Cholesterol extraction from the plasma membrane inhibits injury-induced endocytosis and plasma membrane repair 22. Conversely, cholesterol enrichment was reported to potentiate the MEND massive endocytic process triggered by Ca2+ entry or exposure to sphingomyelinase 48. The large fractions of plasma membrane internalized by MEND were found to bind amphipathic molecules less efficiently than membrane remaining at the cell surface, leading to the suggestion that this form of endocytosis involves more highly ordered lipid microdomains 52. These observations support the involvement of ASM-generated ceramide microdomains, formed within ordered cholesterol/sphingolipid-enriched lipid rafts, in the Ca2+-dependent endocytic process that mediates plasma membrane repair. Supporting this view, immunolabeling revealed a marked increase in ceramide levels at the cell periphery, a few seconds after permeabilization with the pore-forming toxin SLO 16.

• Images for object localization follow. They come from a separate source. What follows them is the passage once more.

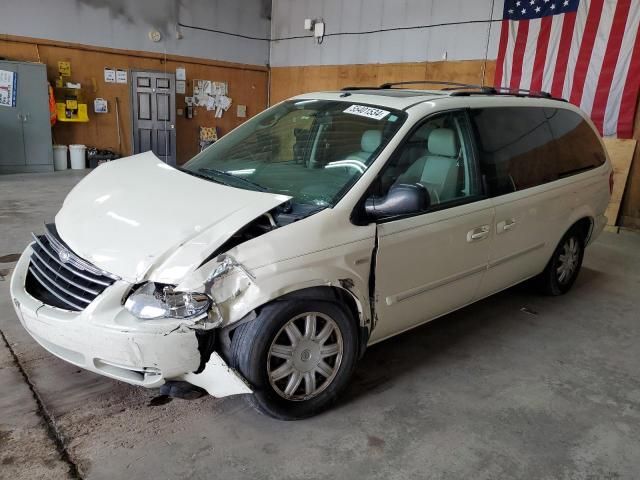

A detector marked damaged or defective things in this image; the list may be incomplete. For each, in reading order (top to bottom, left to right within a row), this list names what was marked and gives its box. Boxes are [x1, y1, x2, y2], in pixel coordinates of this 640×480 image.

front bumper damage [8, 248, 252, 398]
broken headlight [125, 284, 212, 320]
damaged white minivan [8, 84, 608, 418] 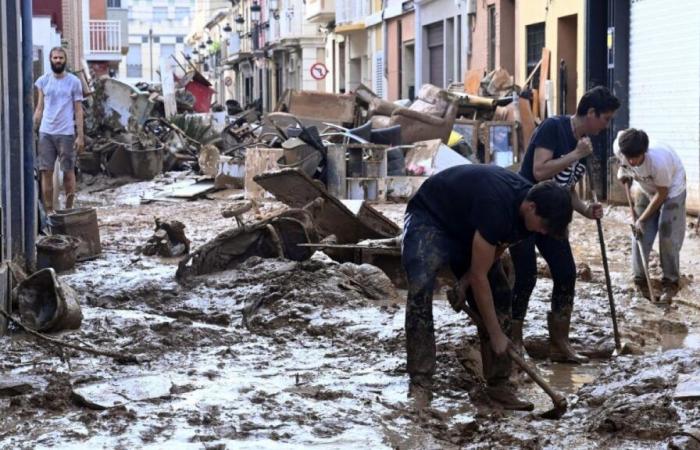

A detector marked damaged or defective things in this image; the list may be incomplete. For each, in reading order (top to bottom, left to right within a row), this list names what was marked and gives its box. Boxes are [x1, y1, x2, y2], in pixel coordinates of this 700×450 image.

broken furniture [366, 84, 460, 146]
broken furniture [326, 144, 388, 200] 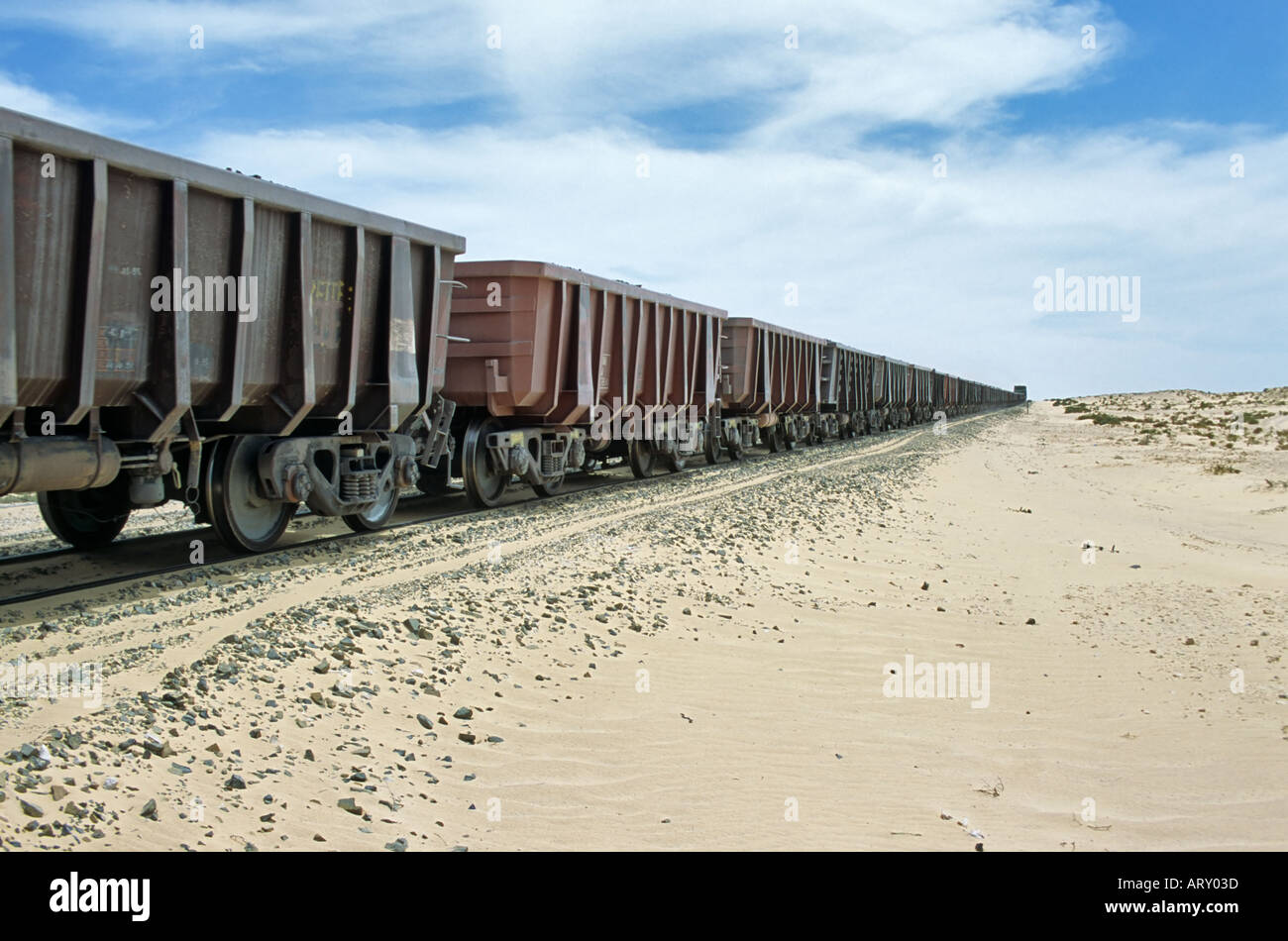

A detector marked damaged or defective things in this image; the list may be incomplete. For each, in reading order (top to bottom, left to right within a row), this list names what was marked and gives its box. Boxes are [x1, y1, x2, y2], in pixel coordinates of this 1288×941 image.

rusty freight car [0, 109, 462, 551] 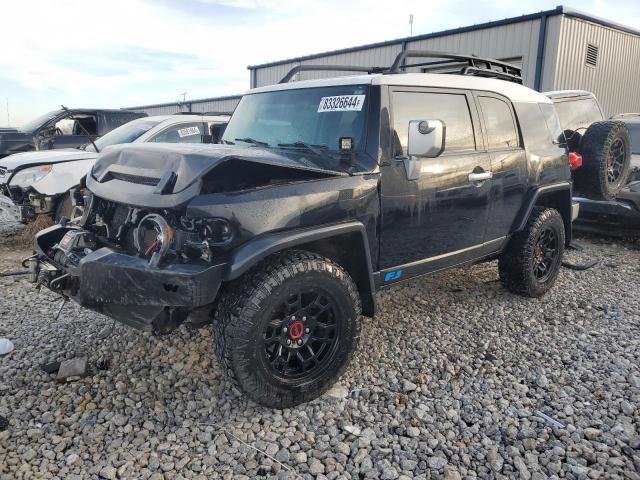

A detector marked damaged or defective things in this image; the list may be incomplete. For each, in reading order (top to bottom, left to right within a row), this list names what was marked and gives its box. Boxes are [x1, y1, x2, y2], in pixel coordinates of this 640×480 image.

crumpled hood [0, 150, 95, 172]
damaged white car [0, 114, 230, 223]
crumpled hood [86, 142, 344, 207]
damaged front end [31, 141, 380, 332] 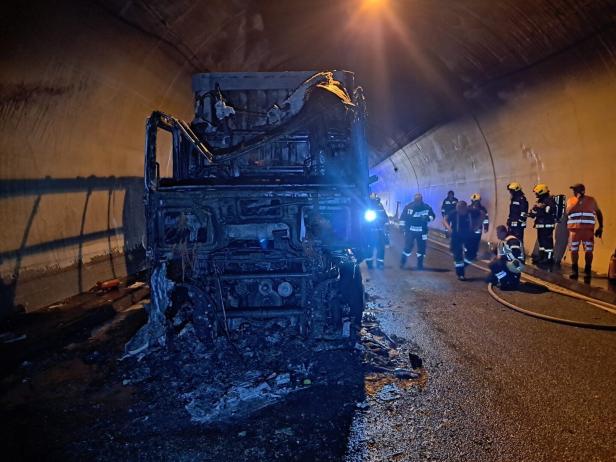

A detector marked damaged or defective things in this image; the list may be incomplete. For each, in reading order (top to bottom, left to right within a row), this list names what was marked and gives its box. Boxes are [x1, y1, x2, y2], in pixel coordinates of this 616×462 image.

burned truck cab [142, 69, 368, 342]
charred truck frame [142, 71, 368, 346] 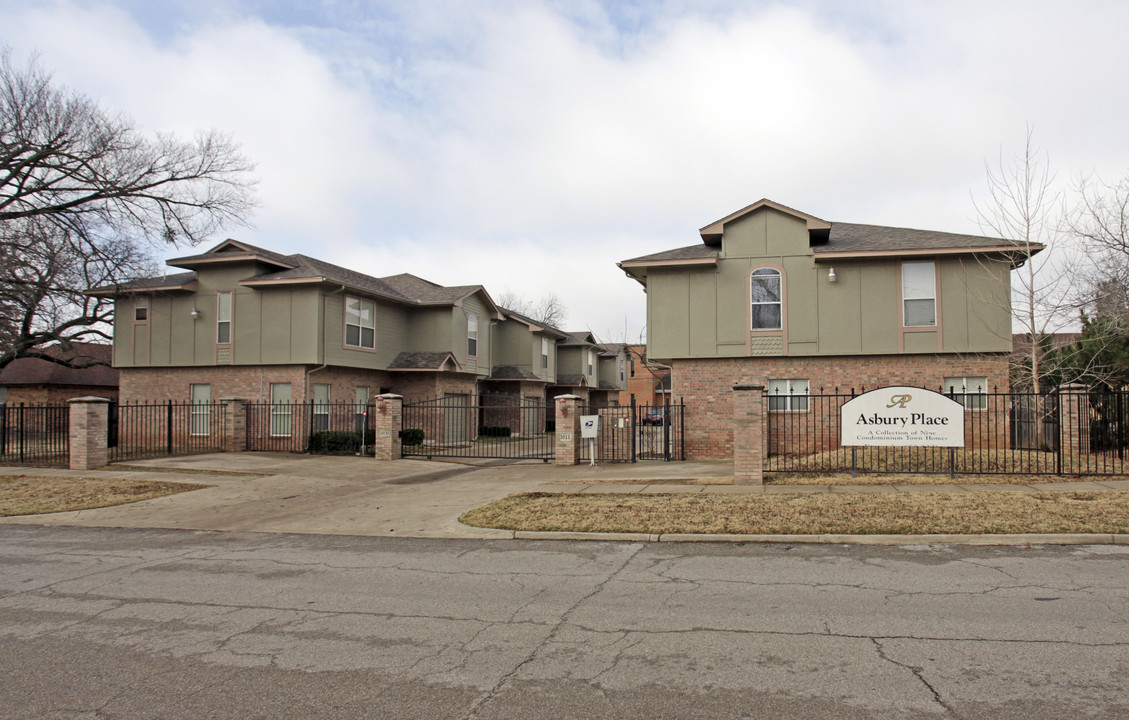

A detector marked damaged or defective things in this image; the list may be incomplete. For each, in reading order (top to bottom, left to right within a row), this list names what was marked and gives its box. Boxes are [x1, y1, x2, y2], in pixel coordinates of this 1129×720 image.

cracked asphalt pavement [2, 523, 1129, 720] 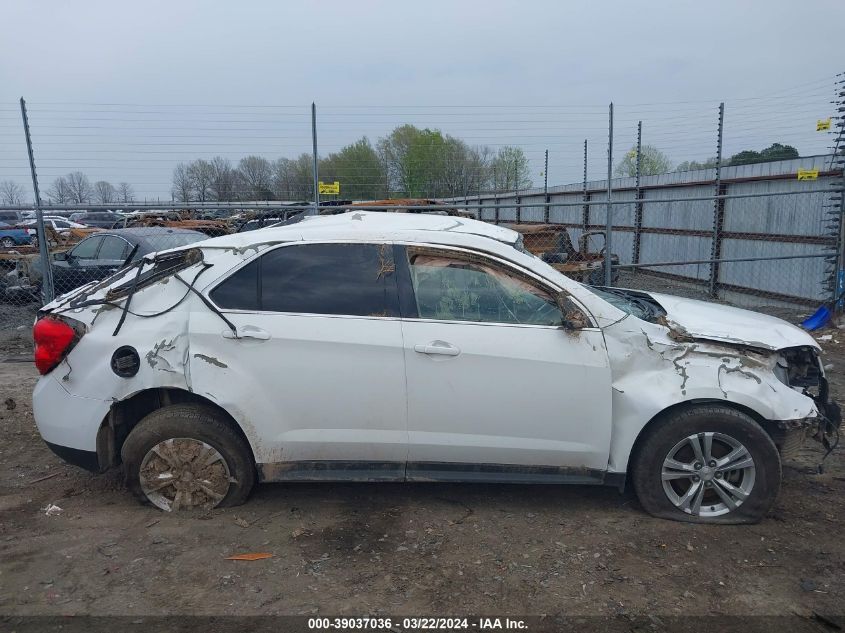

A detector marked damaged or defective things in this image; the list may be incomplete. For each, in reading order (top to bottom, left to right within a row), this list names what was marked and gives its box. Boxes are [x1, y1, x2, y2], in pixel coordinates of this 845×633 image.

damaged white suv [33, 210, 836, 520]
damaged hood [644, 292, 816, 350]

Strikingly, electron microscopy (EM) analysis performed a few seconds after wounding did not show the >300 nm endocytic vesicles that are normally observed several minutes after cells are wounded 13, 22. Rather, at these early time points injured cells contained a large number of highly homogenous, <100 nm vesicular structures that were also present in cells treated with ASM or bacterial sphingomyelinase 16. These intracellular vesicles strongly resembled caveolae, ~80 nm flask-shaped invaginations associated with the plasma membrane of many cell types and are particularly abundant in cells under mechanical stress 53 (Box 3). A hallmark of caveolae is their enrichment in cholesterol and sphingomyelin, membrane lipids used to define lipid rafts. In addition, ceramide has been detected in caveolae undergoing endocytosis 43. The increased number of caveolae-like vesicles in cells treated with ASM or bacterial sphingomyelinase raises the intriguing possibility that ceramide generated by sphingomyelin cleavage may give rise to caveolae, which may then remove lesions by pinching off from the plasma membrane (see Figure 1A). Supporting this view, siRNA-mediated depletion of the caveolae-specific protein caveolin inhibited plasma membrane repair. Furthermore, live imaging, immunogold EM and quench protection experiments suggested that plasma membrane-associated SLO pores enter cells in vesicles containing the caveolae-specific protein caveolin 16. Ultrastructural studies showed that once inside cells, caveolae-like vesicles merge with each other, forming larger compartments that gradually acquire endosomal and lysosomal markers, followed by sorting of the internalized toxin into the lumen of lysosomes for degradation 16, 26 (Figure 2). Several bacterial proteins with membrane-damaging activity have affinity for raft lipids (enriched in cholesterol and sphingomyelin) 54, raising the possibility that rapid internalization of these domains via caveolae may play an important role in cellular survival after pathogen attack.

Box 3. Caveolae.

Lipid rafts are lateral assemblies of sphingolipids and cholesterol that form discrete membrane microdomains. Lipid rafts have been proposed to have numerous cellular functions, such as regulation of membrane protein clustering, signaling and vesicular traffic. Caveolae are specialized lipid raft domains that appear as flask-like invaginations of 60-80 nm in diameter along the plasma membrane of many cell types. Caveolae are enriched in sphingomyelin, gangliosides GD3, GM1 and GM3, cholesterol, phosphatidylinositol (4,5)-bisphosphate, and a family of integral membrane proteins known as caveolins. Caveolin-1 and caveolin-2 are present in a wide range of tissues, while caveolin-3 is exclusively expressed in skeletal and cardiac muscle. Caveolins are essential for caveolae formation, with approximately 144 caveolin molecules estimated to participate in the formation of each caveolar structure. Recent studies suggest that a scaffold formed by caveolin on the cytosolic face of caveolae is stabilized by members of another protein family, the cavins 75.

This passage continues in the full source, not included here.